[Short text fragments from websites]
◆ ◆ ◆ ◆ ◆
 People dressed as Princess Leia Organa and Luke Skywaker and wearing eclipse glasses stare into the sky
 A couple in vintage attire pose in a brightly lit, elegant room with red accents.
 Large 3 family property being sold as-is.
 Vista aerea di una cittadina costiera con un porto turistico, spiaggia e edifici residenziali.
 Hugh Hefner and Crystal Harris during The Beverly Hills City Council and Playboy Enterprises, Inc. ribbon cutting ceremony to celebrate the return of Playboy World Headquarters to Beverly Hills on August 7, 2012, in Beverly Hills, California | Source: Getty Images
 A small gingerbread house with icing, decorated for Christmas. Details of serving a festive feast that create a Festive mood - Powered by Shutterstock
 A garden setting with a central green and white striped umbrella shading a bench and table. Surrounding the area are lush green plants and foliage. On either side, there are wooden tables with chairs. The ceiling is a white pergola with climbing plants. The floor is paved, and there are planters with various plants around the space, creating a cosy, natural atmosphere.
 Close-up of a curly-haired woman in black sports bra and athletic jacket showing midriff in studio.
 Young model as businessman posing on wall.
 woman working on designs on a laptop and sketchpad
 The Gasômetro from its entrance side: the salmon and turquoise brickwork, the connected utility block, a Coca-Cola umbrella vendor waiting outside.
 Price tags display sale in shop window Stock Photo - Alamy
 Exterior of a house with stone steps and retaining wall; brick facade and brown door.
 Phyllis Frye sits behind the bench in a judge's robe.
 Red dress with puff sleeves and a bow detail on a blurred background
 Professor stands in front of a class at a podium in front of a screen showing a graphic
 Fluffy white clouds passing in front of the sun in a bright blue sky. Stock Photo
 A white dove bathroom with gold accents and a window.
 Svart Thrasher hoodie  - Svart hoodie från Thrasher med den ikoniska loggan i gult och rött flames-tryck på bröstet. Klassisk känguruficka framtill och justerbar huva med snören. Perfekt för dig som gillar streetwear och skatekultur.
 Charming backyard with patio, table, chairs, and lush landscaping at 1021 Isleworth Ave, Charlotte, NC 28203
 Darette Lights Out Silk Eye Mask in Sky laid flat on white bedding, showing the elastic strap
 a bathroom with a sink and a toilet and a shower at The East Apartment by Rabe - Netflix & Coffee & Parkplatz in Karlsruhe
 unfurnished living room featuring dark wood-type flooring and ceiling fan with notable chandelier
◆ ◆ ◆ ◆ ◆
» Problem: Restate all of the entries above precisely.

» Response to this task:
 People dressed as Princess Leia Organa and Luke Skywaker and wearing eclipse glasses stare into the sky
 A couple in vintage attire pose in a brightly lit, elegant room with red accents.
 Large 3 family property being sold as-is.
 Vista aerea di una cittadina costiera con un porto turistico, spiaggia e edifici residenziali.
 Hugh Hefner and Crystal Harris during The Beverly Hills City Council and Playboy Enterprises, Inc. ribbon cutting ceremony to celebrate the return of Playboy World Headquarters to Beverly Hills on August 7, 2012, in Beverly Hills, California | Source: Getty Images
 A small gingerbread house with icing, decorated for Christmas. Details of serving a festive feast that create a Festive mood - Powered by Shutterstock
 A garden setting with a central green and white striped umbrella shading a bench and table. Surrounding the area are lush green plants and foliage. On either side, there are wooden tables with chairs. The ceiling is a white pergola with climbing plants. The floor is paved, and there are planters with various plants around the space, creating a cosy, natural atmosphere.
 Close-up of a curly-haired woman in black sports bra and athletic jacket showing midriff in studio.
 Young model as businessman posing on wall.
 woman working on designs on a laptop and sketchpad
 The Gasômetro from its entrance side: the salmon and turquoise brickwork, the connected utility block, a Coca-Cola umbrella vendor waiting outside.
 Price tags display sale in shop window Stock Photo - Alamy
 Exterior of a house with stone steps and retaining wall; brick facade and brown door.
 Phyllis Frye sits behind the bench in a judge's robe.
 Red dress with puff sleeves and a bow detail on a blurred background
 Professor stands in front of a class at a podium in front of a screen showing a graphic
 Fluffy white clouds passing in front of the sun in a bright blue sky. Stock Photo
 A white dove bathroom with gold accents and a window.
 Svart Thrasher hoodie  - Svart hoodie från Thrasher med den ikoniska loggan i gult och rött flames-tryck på bröstet. Klassisk känguruficka framtill och justerbar huva med snören. Perfekt för dig som gillar streetwear och skatekultur.
 Charming backyard with patio, table, chairs, and lush landscaping at 1021 Isleworth Ave, Charlotte, NC 28203
 Darette Lights Out Silk Eye Mask in Sky laid flat on white bedding, showing the elastic strap
 a bathroom with a sink and a toilet and a shower at The East Apartment by Rabe - Netflix & Coffee & Parkplatz in Karlsruhe
 unfurnished living room featuring dark wood-type flooring and ceiling fan with notable chandelier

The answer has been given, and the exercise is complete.